4L’adhésion à la dimension historique de la recherche ressort aussi du troisième et du quatrième entretiens (Travail et technique ; Tragédie, liturgie). Pour des raisons biographiques différentes, la question de la variabilité de la fonction sociale et psychologique du travail selon les temps et les espaces s’est avérée cruciale, pendant les années 1950, pour le début des études tant de JPV que de JLG. Sollicité par Laurentin, JPV résume le sens des essais sur le travail réunis en Mythe et Pensée, nés d’une tentative de conciliation entre marxisme critique et psychologie historique (cf. R. Di Donato, Per un’antropologia storica, p. 210-211) : une telle fonction s’avère n’être pas vraiment opératoire dans le monde grec ancien, sinon sous la forme d’une habileté technique très dévalorisée. Les résultats évoqués par JLG apparaissent symétriques et complémentaires : issues d’un intérêt pour l’histoire des idées, ses premières recherches sur les marchands et les intellectuels au Moyen Âge (publiées en volume en 1956-1957) lui permettaient de saisir la préhistoire d’une idée positive de travail qui lui était contemporaine. La conscience de la différence irréductible des terrains d’études ressort du quatrième entretien : central pour la compréhension de la Grèce ancienne, ce fait social total qu’est le théâtre (phénomène à la fois religieux, politique et artistique) ne peut pas être détecté au Moyen Âge.

5Dans le dernier entretien, Laurentin pousse les deux savants à tirer un bilan sur l’état des chemins de recherche qu’ils ont frayés, ainsi qu’à se projeter vers l’avenir. L’évocation par Vernant du centre Gernet (aujourd’hui anhima) et du Groupe d’Anthropologie Historique de l’Occident Médiéval par JLG est accompagnée d’une évaluation positive des nouvelles études sur le statut des images, dont JPV lui-même a été le pionnier.

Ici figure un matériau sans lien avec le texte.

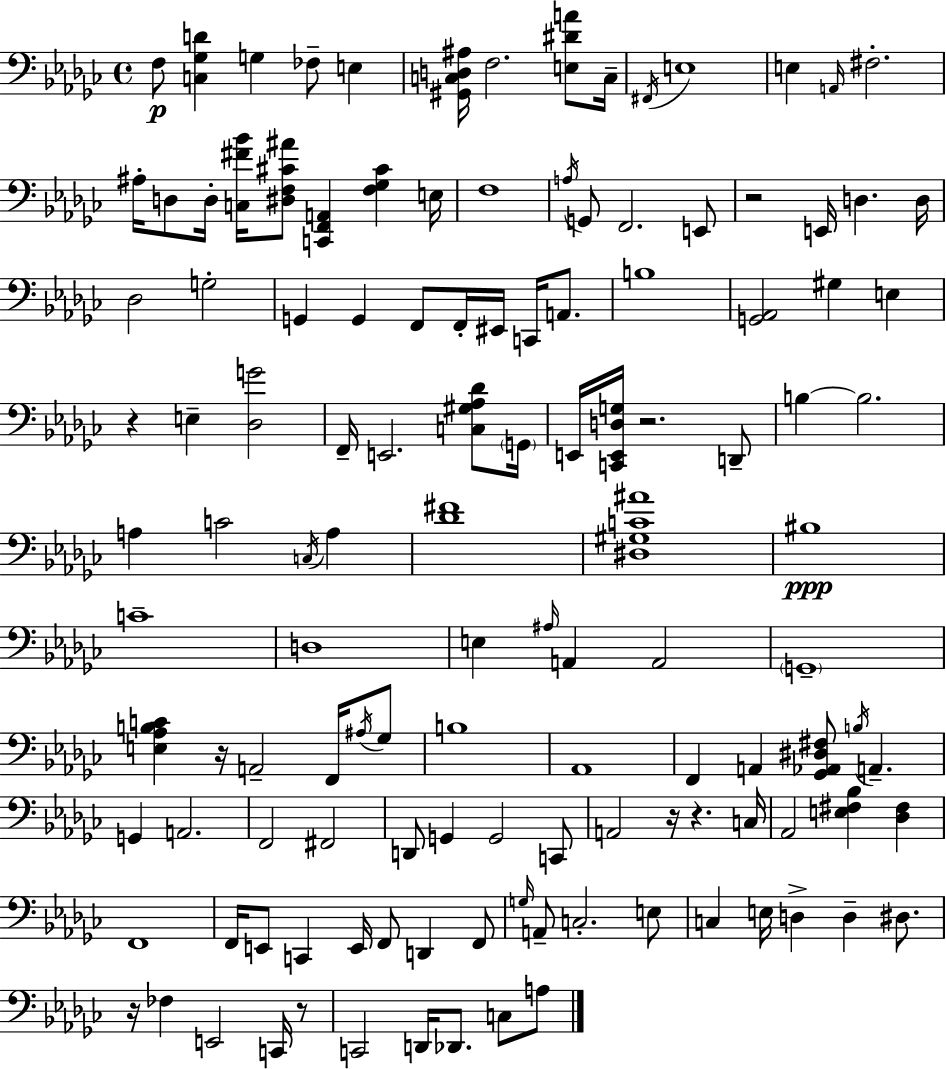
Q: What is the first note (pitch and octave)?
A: F3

6Le constat de tant de convergences à partir de deux parcours de recherche à première vue indépendants oblige à revenir à la question des rapports entre anthropologie du monde ancien et anthropologie de l’Occident médiéval. La question s’éclaircit à la lumière d’une intervention de R. Di Donato, dans le cadre du colloque parisien de 2015 sur l’anthropologie historique de JPV et de JLG, au titre éloquent : La force des ancêtres : Marc Bloch, Louis Gernet, Marcel Granet. Dès les années 1980, Di Donato a pu identifier une relation d’échange entre Gernet, Bloch et le future sinologue Granet pendant leur séjour juvénile à la Fondation Thiers. Fortement influencé par Granet, dans les années 1930 Gernet collaborait à son tour avec les Annales de Bloch (Per un’antropologia storica, p. 15, 21). Dans la préface à la réédition des Rois Thaumaturges en 1983, JLG (p. IV-V) citait les recherches de Di Donato au sujet de ces relations croisées. La convergence entre les deux anthropologies historiques s’explique donc par un processus génétique largement entrelacé. En 1941, Bloch et Mauss participaient notamment au colloque sur Travail et techniques organisé par Meyerson à Toulouse. Ce n’est pas un hasard si, à la fin du premier entretien, JPV (p. 28-29) évoque des racines communes à celles de JLG et des occasions, telles que les colloques de Meyerson, où « historiens, psychologues, anthropologues, hellénistes » pouvaient se retrouver.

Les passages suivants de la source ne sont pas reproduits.